I'm trying to understand how python 2.5 deals with unicode strings. Although by now I think I have a good grasp of how I'm supposed to handle them in code, I don't fully understand what's going on behind the scenes, particularly when you type strings at the interpreter's prompt.
So python pre 3.0 has two types for strings, namely: str
(byte strings) and unicode
, which are both derived from basestring
. The default type for strings is str
.
str
objects have no notion of their actual encoding, they are just bytes. Either you've encoded a unicode string yourself and therefore know what encoding they are in, or you've read a stream of bytes whose encoding you also know beforehand (indeally). You can guess the encoding of a byte string whose encoding is unknown to you, but there just isn't a reliable way of figuring this out. Your best bet is to decode early, use unicode everywhere in your code and encode late.
That's fine. But strings typed into the interpreter are indeed encoded for you behind your back?

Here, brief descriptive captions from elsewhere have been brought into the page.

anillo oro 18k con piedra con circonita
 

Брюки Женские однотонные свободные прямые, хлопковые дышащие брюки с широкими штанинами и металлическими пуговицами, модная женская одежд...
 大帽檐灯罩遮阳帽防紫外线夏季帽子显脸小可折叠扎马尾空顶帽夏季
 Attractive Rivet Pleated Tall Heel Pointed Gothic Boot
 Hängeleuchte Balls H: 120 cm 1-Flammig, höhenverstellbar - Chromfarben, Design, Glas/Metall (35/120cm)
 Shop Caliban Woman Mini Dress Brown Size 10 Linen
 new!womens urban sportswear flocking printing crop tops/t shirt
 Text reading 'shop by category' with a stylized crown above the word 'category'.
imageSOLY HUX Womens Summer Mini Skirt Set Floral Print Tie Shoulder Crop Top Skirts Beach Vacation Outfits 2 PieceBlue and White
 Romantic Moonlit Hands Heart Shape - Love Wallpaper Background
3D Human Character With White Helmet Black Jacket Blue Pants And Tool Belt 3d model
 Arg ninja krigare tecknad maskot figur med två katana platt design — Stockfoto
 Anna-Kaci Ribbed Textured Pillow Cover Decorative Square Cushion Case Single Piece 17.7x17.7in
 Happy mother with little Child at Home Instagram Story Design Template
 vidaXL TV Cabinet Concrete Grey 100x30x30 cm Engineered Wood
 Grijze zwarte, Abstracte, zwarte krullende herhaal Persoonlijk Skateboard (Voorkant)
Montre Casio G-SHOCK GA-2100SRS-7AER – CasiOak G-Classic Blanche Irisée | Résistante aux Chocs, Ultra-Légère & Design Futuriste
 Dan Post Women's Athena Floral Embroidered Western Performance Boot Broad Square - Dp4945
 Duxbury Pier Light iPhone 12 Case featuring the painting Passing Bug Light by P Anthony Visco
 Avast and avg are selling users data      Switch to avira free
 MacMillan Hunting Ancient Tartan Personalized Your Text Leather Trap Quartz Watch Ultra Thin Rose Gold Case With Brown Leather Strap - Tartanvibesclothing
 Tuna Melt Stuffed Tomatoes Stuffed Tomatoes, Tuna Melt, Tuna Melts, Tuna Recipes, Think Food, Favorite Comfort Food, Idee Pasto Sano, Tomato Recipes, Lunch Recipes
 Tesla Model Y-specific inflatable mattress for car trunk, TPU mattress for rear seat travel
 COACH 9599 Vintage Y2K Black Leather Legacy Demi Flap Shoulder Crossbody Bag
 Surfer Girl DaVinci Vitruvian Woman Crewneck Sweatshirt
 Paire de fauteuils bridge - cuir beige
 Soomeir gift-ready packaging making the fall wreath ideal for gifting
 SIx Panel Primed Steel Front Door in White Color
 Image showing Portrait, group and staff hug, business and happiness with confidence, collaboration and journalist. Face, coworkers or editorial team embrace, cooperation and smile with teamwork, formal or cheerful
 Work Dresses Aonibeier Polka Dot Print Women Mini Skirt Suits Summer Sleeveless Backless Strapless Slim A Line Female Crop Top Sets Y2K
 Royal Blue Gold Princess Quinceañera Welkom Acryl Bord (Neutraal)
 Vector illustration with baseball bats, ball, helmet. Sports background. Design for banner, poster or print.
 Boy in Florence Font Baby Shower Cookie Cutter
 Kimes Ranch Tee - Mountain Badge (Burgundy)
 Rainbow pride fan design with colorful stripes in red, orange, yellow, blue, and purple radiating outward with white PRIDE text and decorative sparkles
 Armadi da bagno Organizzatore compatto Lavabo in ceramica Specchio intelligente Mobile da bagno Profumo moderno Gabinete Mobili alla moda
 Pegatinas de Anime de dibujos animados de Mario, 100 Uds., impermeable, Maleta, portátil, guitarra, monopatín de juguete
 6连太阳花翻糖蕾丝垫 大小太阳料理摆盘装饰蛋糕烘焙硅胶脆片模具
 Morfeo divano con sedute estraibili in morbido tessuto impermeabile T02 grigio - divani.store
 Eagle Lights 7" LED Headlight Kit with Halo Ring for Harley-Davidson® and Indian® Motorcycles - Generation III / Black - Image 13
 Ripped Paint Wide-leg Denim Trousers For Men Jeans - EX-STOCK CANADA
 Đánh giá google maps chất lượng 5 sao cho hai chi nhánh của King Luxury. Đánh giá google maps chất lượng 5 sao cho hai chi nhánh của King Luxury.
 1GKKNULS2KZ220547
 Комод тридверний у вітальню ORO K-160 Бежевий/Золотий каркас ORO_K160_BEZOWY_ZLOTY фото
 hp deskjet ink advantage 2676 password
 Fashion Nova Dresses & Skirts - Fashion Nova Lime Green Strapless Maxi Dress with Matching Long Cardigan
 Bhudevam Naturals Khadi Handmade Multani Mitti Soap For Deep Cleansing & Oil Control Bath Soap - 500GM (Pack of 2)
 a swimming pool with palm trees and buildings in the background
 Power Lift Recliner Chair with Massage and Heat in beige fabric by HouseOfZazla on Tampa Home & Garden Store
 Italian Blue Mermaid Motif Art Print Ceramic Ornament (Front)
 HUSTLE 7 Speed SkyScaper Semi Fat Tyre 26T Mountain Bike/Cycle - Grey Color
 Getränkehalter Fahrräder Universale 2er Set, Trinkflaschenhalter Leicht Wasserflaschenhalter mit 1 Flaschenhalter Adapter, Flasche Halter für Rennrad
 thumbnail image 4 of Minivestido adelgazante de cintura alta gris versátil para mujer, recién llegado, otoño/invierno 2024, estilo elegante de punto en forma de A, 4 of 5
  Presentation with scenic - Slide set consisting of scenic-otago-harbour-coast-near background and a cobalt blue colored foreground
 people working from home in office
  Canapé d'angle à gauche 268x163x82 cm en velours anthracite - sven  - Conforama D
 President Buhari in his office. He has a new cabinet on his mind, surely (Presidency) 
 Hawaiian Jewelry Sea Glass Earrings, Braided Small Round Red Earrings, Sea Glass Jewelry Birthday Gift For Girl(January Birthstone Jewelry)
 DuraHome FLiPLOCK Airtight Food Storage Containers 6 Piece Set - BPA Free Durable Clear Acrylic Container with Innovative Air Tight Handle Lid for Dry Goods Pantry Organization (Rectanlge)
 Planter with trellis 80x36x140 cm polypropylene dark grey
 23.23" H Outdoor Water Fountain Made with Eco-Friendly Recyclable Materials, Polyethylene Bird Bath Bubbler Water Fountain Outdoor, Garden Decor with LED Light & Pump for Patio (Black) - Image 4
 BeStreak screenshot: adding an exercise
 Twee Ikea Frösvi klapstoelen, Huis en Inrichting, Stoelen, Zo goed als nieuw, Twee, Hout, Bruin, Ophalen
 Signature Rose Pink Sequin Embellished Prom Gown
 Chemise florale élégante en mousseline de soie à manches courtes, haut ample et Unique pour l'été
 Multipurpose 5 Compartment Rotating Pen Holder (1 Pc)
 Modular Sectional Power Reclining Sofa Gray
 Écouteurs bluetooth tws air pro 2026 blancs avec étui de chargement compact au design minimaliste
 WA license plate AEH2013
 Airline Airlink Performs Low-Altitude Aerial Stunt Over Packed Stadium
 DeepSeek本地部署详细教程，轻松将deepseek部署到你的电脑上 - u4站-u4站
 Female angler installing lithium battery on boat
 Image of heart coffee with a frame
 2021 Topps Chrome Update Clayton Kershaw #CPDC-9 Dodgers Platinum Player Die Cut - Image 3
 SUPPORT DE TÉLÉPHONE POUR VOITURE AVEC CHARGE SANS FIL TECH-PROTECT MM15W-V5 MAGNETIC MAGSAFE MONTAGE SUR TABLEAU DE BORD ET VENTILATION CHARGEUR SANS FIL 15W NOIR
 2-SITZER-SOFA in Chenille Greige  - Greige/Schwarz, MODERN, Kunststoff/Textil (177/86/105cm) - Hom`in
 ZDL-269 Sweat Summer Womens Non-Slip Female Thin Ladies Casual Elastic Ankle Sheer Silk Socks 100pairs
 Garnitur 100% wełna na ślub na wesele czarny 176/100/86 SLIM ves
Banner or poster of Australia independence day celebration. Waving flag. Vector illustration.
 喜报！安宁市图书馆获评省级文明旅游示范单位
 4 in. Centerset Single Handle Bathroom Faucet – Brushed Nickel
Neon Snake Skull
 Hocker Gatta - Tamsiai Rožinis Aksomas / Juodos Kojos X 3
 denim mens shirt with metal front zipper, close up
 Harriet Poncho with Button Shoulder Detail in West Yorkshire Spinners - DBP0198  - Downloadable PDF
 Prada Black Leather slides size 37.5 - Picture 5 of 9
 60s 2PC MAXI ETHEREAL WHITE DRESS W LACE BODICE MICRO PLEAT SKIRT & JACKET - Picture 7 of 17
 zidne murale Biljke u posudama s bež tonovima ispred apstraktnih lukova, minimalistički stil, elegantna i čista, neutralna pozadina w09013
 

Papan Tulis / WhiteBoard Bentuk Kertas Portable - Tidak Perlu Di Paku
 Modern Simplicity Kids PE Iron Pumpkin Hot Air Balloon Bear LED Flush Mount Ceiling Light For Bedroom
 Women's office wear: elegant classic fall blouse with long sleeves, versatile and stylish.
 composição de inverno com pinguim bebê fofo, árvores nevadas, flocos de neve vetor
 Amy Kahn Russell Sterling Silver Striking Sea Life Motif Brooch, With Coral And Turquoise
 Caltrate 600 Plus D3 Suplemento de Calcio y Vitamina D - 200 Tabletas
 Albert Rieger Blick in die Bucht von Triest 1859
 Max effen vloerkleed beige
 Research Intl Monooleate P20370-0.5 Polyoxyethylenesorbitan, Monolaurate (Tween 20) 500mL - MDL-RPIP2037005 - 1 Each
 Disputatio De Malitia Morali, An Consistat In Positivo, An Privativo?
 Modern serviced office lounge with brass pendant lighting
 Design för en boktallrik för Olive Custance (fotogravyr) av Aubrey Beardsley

Provided that my understanding of strings in Python is correct, what's the method/setting python uses to make this decision?
The source of my confusion is the differing results I get when I try the same thing on my system's python installation, and on my editor's embedded python console.
# Editor (Sublime Text)
>>> s = "La caña de España"
>>> s
'La ca\xc3\xb1a de Espa\xc3\xb1a'
>>> s.decode("utf-8")
u'La ca\xf1a de Espa\xf1a'
>>> sys.getdefaultencoding()
'ascii'
# Windows python interpreter
>>> s= "La caña de España"
>>> s
'La ca\xa4a de Espa\xa4a'
>>> s.decode("utf-8")
Traceback (most recent call last):
File "<stdin>", line 1, in <module>
File "C:\Python25\lib\encodings\utf_8.py", line 16, in decode
return codecs.utf_8_decode(input, errors, True)
UnicodeDecodeError: 'utf8' codec can't decode byte 0xa4 in position 5: unexpected code byte
>>> sys.getdefaultencoding()
'ascii'